Personal information
- Full name: Robert Lang
- Born: 6 April 1840 Jessore, India
- Died: 23 March 1908 (aged 67) Woodham Walter, Essex
- Bowling: Fast-medium
- Relations: George Lang (brother)

Domestic team information
- 1860–1862: Cambridge University

Career statistics
| Competition | FC |
| Matches | 11 |
| Runs scored | 180 |
| Batting average | 12.00 |
| 100s/50s | 0/1 |
| Top score | 63 |
| Balls bowled | 1097 |
| Wickets | 28 |
| Bowling average | 16.56 |
| 5 wickets in innings | 2 |
| 10 wickets in match | – |
| Best bowling | 5/4 |
| Catches/stumpings | 5/– |
- Source: Cricket Archive, 4 November 2013

= Robert Lang (cricketer) =

English cricketer

Robert Lang (born 6 April 1840 at Jessore, India; died 23 March 1908 at Woodham Walter, Essex) was an English amateur cricketer who played from 1860 to 1862 for Cambridge University.

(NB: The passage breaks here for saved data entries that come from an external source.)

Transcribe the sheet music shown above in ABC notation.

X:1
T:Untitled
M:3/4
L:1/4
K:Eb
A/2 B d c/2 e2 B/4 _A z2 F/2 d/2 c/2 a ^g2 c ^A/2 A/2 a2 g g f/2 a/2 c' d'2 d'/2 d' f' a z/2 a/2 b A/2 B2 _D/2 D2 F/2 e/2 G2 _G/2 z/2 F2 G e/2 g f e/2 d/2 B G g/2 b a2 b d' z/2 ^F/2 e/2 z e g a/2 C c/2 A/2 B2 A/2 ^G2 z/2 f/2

Lang was educated at Harrow, where he captained the cricket team in 1858 and 1859, and at Trinity College, Cambridge. He made 11 appearances: eight for Cambridge and three for the Gentlemen in the Gentlemen v Players series.

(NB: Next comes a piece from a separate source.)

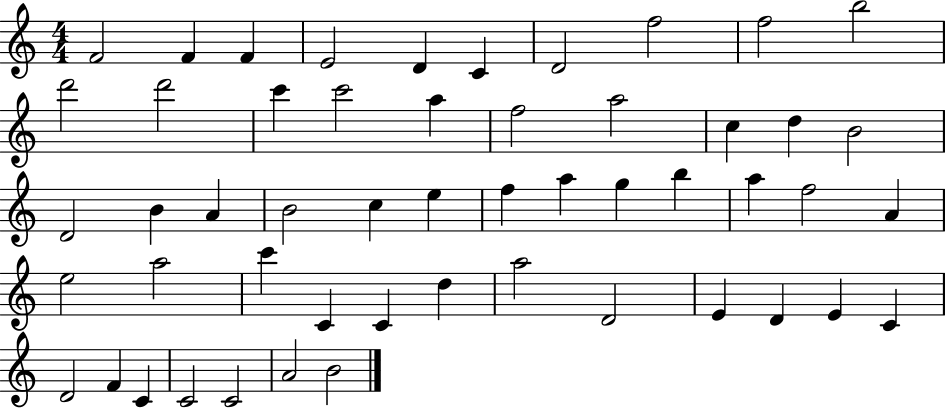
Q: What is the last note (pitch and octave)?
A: B4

By the standards of the day he was a "tremendously fast" bowler. In the 1860 match against Oxford University he took 1 for 9 and 5 for 10 to help Cambridge to victory, and in the 1862 match he took 5 for 4 and 4 for 31 in another victory.

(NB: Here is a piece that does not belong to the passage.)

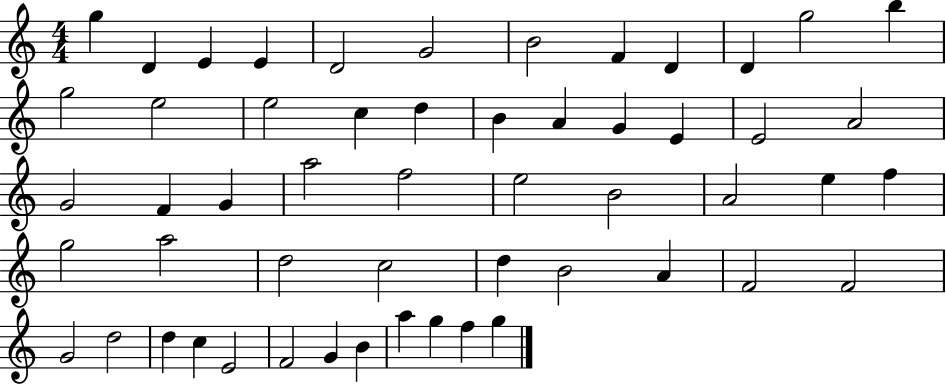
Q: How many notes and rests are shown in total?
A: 54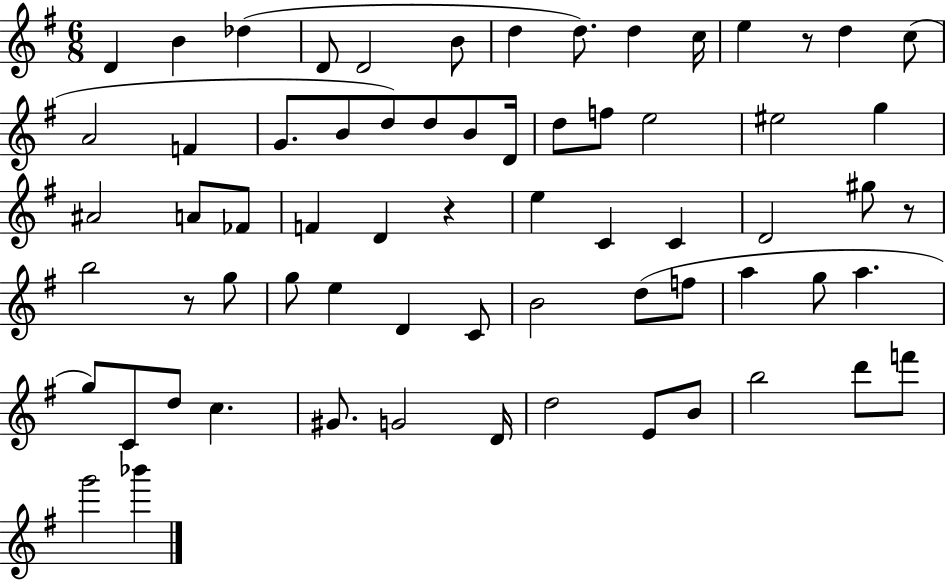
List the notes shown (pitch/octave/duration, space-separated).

D4/q B4/q Db5/q D4/e D4/h B4/e D5/q D5/e. D5/q C5/s E5/q R/e D5/q C5/e A4/h F4/q G4/e. B4/e D5/e D5/e B4/e D4/s D5/e F5/e E5/h EIS5/h G5/q A#4/h A4/e FES4/e F4/q D4/q R/q E5/q C4/q C4/q D4/h G#5/e R/e B5/h R/e G5/e G5/e E5/q D4/q C4/e B4/h D5/e F5/e A5/q G5/e A5/q. G5/e C4/e D5/e C5/q. G#4/e. G4/h D4/s D5/h E4/e B4/e B5/h D6/e F6/e G6/h Bb6/q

Lang became a clergyman in the Church of England. He was clerical secretary of the Church Missionary Society from 1881 to 1892, and Vicar of St Leonard's church in Old Warden in Bedfordshire 1892–1902, Vicar of Dinton in Buckinghamshire from 1903 to 1906, and Rector at Woodham Walter in Essex from 1907 to 1908.

He is buried in the churchyard of St Leonard's church in Old Warden in Bedfordshire, close to his daughter and grandson, Richard Ormonde Shuttleworth. His brother, George, also played.